By the way, this is all assuming you don't care about tubeless.


----------



## cxwrench (Nov 9, 2004)

SteveV0983 said:


> I tried a set of WH-6700 wheels for a new build and hated them. They were incredibly twitchy and unstable feeling (I weigh 180) and I was constantly adjusting the spokes because they were out of true. And adjusting bladed spokes is a PITA. I never rode the Equipe, but have ridden the Ksyrium Elites and found them very harsh. Maybe I'm not a 16 or 18 front spoke guy when all is said and done, but my old Ultegra 6600 hubs laced to OpenPro rims rode better than both of those wheels and they're still going strong after 6 years. For the new build, I ended up going with HED Belgium C2 rims laced 28f/32r 3x to Velocity Race hubs and they are better than all the others by a long shot. They are stiff but comfortable and have remained true for the first 1100 miles and counting. Before I bought the Ultegra wheels, I'd go with Ultegra 6700 hubs and OpenPro rims. For the price, they are a great deal.
> By the way, this is all assuming you don't care about tubeless.
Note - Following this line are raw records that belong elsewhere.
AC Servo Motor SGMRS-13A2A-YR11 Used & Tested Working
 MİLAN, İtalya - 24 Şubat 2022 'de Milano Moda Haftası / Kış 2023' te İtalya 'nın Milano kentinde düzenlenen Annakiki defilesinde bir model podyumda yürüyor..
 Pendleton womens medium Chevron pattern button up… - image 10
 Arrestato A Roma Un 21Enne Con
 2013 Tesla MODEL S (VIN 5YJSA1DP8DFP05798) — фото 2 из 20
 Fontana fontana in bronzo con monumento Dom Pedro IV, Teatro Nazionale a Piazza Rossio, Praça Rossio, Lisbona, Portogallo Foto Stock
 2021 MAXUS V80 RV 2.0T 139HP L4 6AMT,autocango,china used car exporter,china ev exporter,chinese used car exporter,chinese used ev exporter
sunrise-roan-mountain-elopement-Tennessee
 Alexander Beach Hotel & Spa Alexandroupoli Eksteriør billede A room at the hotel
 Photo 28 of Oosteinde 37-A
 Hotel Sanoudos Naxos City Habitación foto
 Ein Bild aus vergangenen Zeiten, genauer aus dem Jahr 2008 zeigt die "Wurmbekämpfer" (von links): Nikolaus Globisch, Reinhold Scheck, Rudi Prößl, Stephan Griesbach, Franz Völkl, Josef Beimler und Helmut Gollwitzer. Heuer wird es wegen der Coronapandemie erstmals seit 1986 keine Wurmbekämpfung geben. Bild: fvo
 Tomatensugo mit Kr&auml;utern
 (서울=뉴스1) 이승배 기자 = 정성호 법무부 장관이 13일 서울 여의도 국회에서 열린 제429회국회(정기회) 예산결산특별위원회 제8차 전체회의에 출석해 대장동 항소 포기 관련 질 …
why? you can make an OP tubeless. i'll agree about the Velocity Race hubs...great hubs for the money!


----------



## Hooben (Aug 22, 2004)

I have to say that after one year and 2000 plus miles, my equipes have never become untrue. I recommend them highly. I weigh 220 and ride hard. I thought that high quality wheels could not be found at such a low price. The equipe hub is sealed and way faster than others at this price.


----------



## cxwrench (Nov 9, 2004)

Hooben said:


> I have to say that after one year and 2000 plus miles, my equipes have never become untrue. I recommend them highly. I weigh 220 and ride hard. I thought that high quality wheels could not be found at such a low price. The equipe *hub is sealed and way faster than others at this price.*


you don't really believe this to be true, do you? Mavic uses cartridge bearings in their hubs. they are no more 'sealed' than any other cartridge bearing hub, and there are tons available. they are also not any 'faster' than any other hub, and the Ksyrium wheels in particular are about as UN-aerodynamic as you can get. if you like them, that's great, but they are definitely not anything special. keep your freehub lubricated on a regular basis, too. that is w/o doubt the worst freehub design ever. well...i9 might be as bad, but for completely different reasons.


----------



## T K (Feb 11, 2009)

Hooben said:


> The equipe hub is sealed and way faster than others at this price.


What's faster? The hubs are faster? They spin faster? The pawls engage faster? The wheels are faster? Will make me go faster? They really look blingy so Mavic got my money faster? Faster how? 
I train hard to go faster. If I can buy these wheels and they will make me faster I want to know.


----------



## cxwrench (Nov 9, 2004)

T K said:


> What's faster? The hubs are faster? They spin faster? The pawls engage faster? The wheels are faster? Will make me go faster? They really look blingy so Mavic got my money faster? Faster how?
> I train hard to go faster. If I can buy these wheels and they will make me faster I want to know.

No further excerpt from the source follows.